- _YOUR TASK_:
Return the entries that follow exactly, with no images.

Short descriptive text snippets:
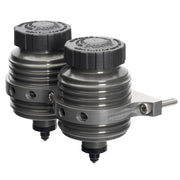 Wilwood dual bracket installation example with two separately available finned reservoirs and black caps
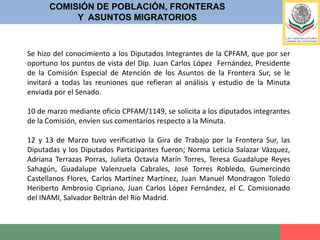 COMISIÓN DE POBLACIÓN, FRONTERASY  ASUNTOS MIGRATORIOS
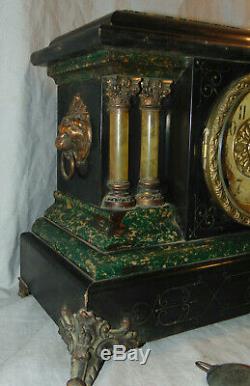 Antique Seth Thomas Adamantine Green Faux Marble 4 Column Mantel Clock with Pend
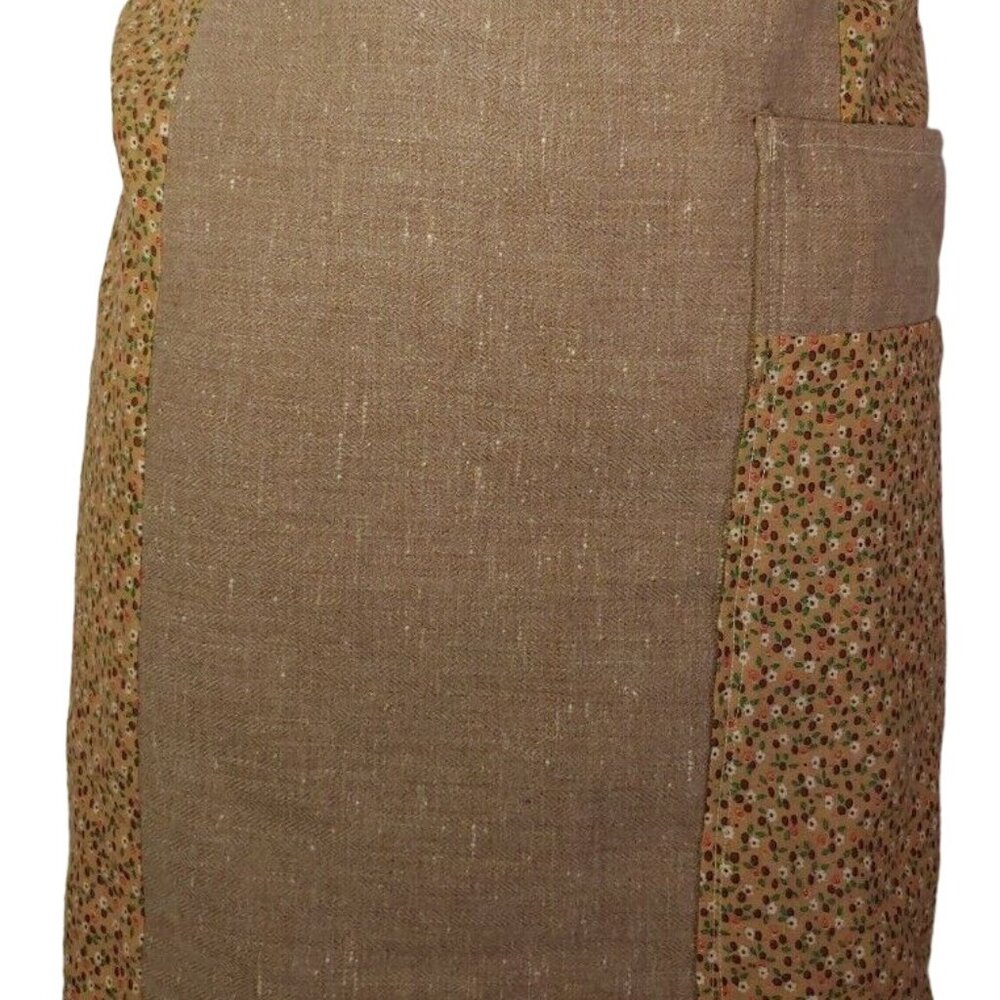 Handmade Patchwork Kitchen Apron Brown Hippie Homemade One Of A Kind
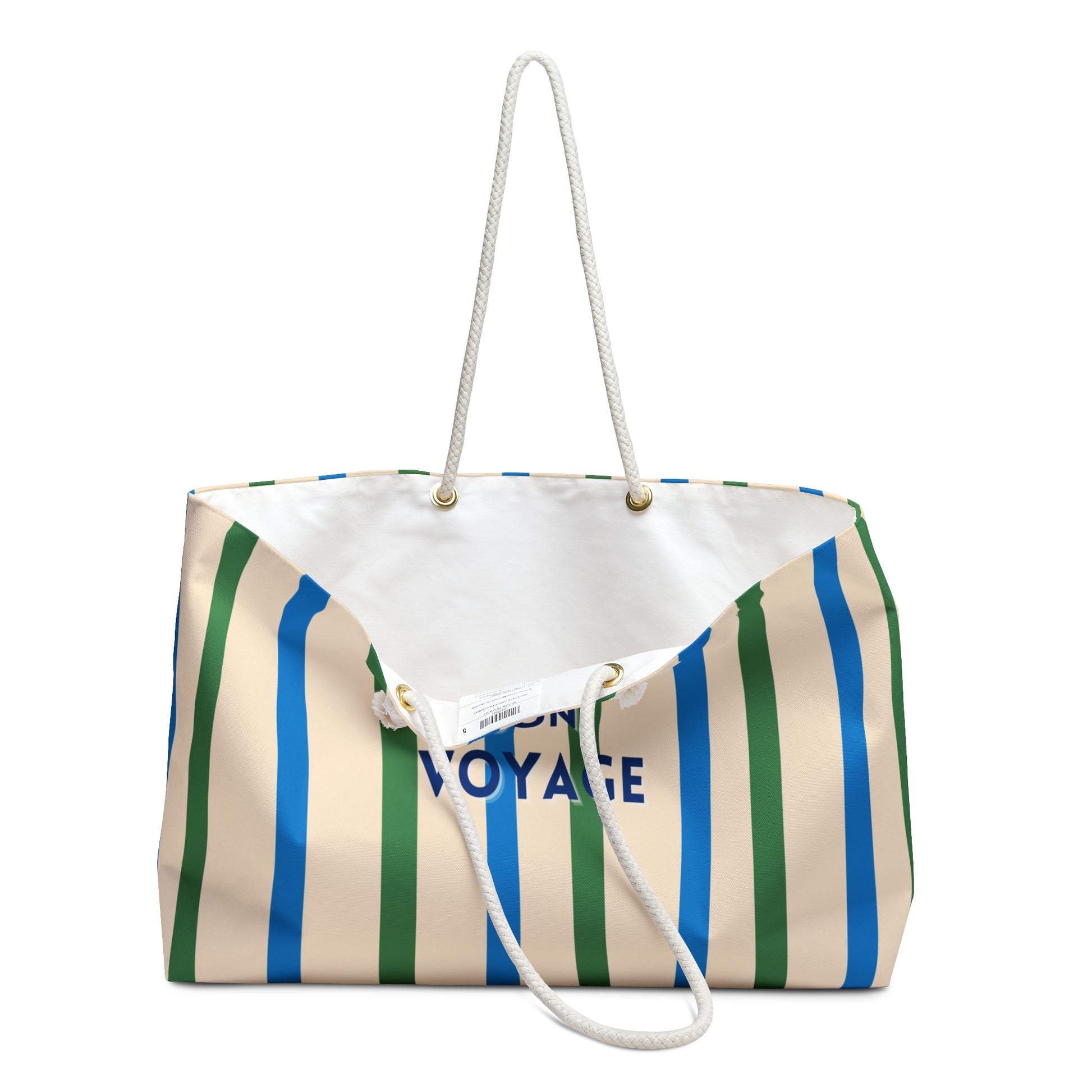 Striped tote bag with 'Voyage' text on a white background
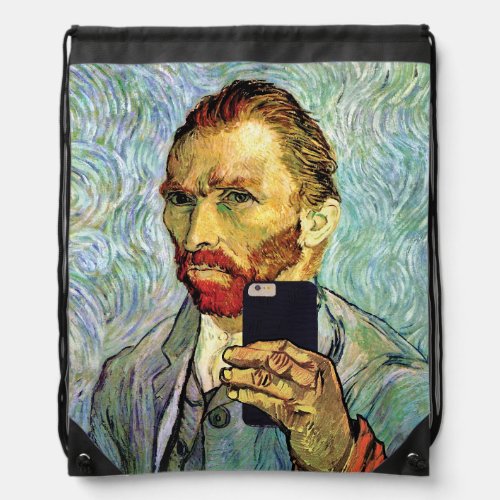 Vincent Van Gogh Cellphone Selfie Self Portrait Drawstring Bag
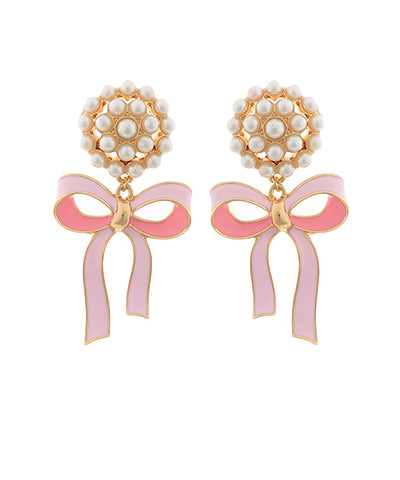 Light Pink Bow Drop Earrings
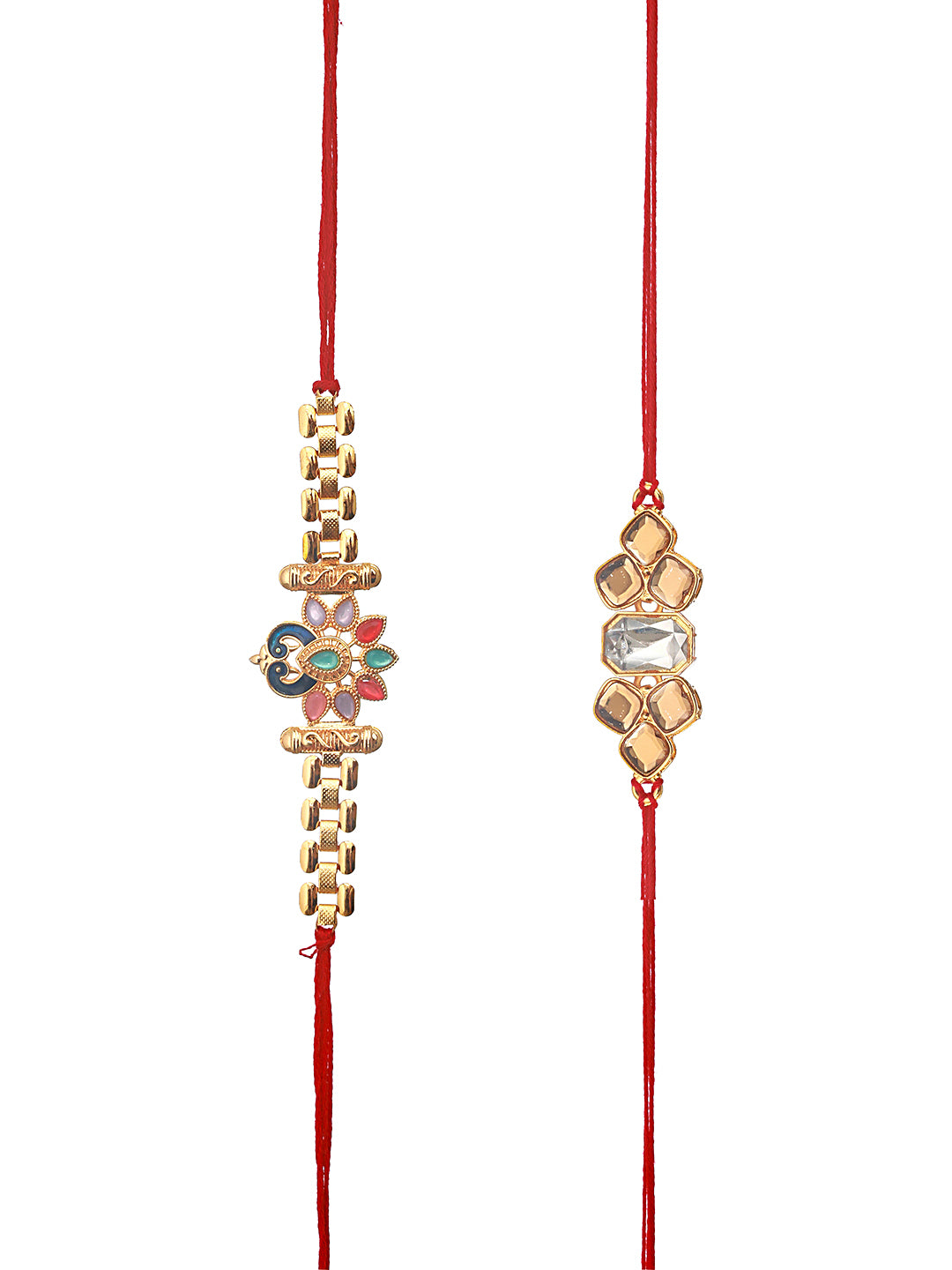 Set Of 2 Classic Kundan & Enameled Peacock Chain Thread Rakhi With Roli Chawal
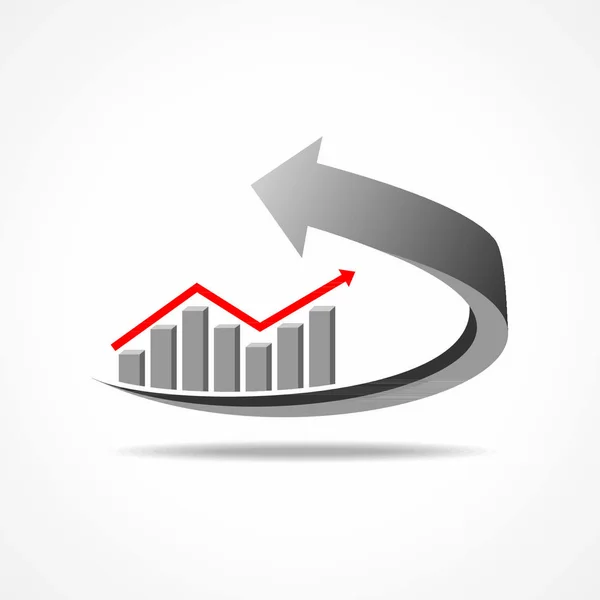 Vektor Illustration Des Geschäftsdiagramms Auf Pfeil — Stockvektor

- _ANSWER TO THIS EXERCISE_:
 Wilwood dual bracket installation example with two separately available finned reservoirs and black caps
 COMISIÓN DE POBLACIÓN, FRONTERASY  ASUNTOS MIGRATORIOS
 Antique Seth Thomas Adamantine Green Faux Marble 4 Column Mantel Clock with Pend
 Handmade Patchwork Kitchen Apron Brown Hippie Homemade One Of A Kind
 Striped tote bag with 'Voyage' text on a white background
 Vincent Van Gogh Cellphone Selfie Self Portrait Drawstring Bag
 Light Pink Bow Drop Earrings
 Set Of 2 Classic Kundan & Enameled Peacock Chain Thread Rakhi With Roli Chawal
 Vektor Illustration Des Geschäftsdiagramms Auf Pfeil — Stockvektor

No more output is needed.